Instead, the pressure from the two or more radiating devices, that’s the horns and cones, will combine in some particular manner. Exactly how they combine is the grand issue behind whether or not they will form a useful array or conversely, are just a bunch of speakers placed near each other that combine like oil and water.

For the record, this is the belief system that Apogee Sound based its designs upon. And it really can be called a “practice” rather an a “belief system” because the patterns and response curves of the resultant arrays were exhaustively measured outdoors, 30 feet above ground level, and carefully documented using Hewlett Packard and TEF measurement equipment. It was a process that took several months of full time work.

The net value, simplified as much as possible from the exhaustive process, was that low pressure audio sources combine much more readily than high pressure sources. Stated another way, sonic energy emanating from the mouths of horns is far more amenable to summing with like units than at the throat of horns.

The New Math
So it turns out that a certain 90-degree horn sitting adjacent to another 90-degree horn – both with very gradual fall-off characteristics – actually combine together quite well. The behavior is something like an old fashioned multi-cellular horn, producing a summed output that is on the order of 70 degrees.

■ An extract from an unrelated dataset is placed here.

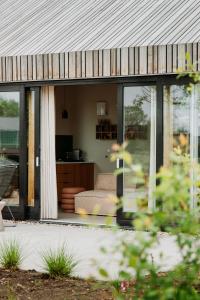 a house with glass doors and a living room at Boshuis Haen in Ermelo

Add a third horn to the array and the -6 dB points become even narrower, about 60 degrees. Build it larger, let’s say seven 90-degree horns, and the – 6 dB points become narrower still, about 40 degrees.

But here it’s important to note that we’re focusing on -6 dB points which, as noted earlier, are the industry standard for defining dispersion angle. The forward radiated power is much greater than that of a single horn, and that’s exactly what proper arrays should accomplish.

The useful angle of coverage of this array is much wider than its forward radiated power (again, based on -6 dB points). What do we mean by useful angle? That would be any point in the overall dispersion pattern that remains reasonably flat. If only 50 Hz to 100 Hz exhibits 180 degrees of coverage, but higher frequencies are far narrower, than 180 degrees would not be considered a useful angle of coverage.

Cone-ology
Loudspeaker cones are altogether different from horns. Horns are designed to cover a certain dispersion angle. Cones are designed for everything but. The diameter and the geometry of a given cone’s flare-rate dictate the angle of coverage of an individual cone driver which, as one might suspect, will always be conical in nature.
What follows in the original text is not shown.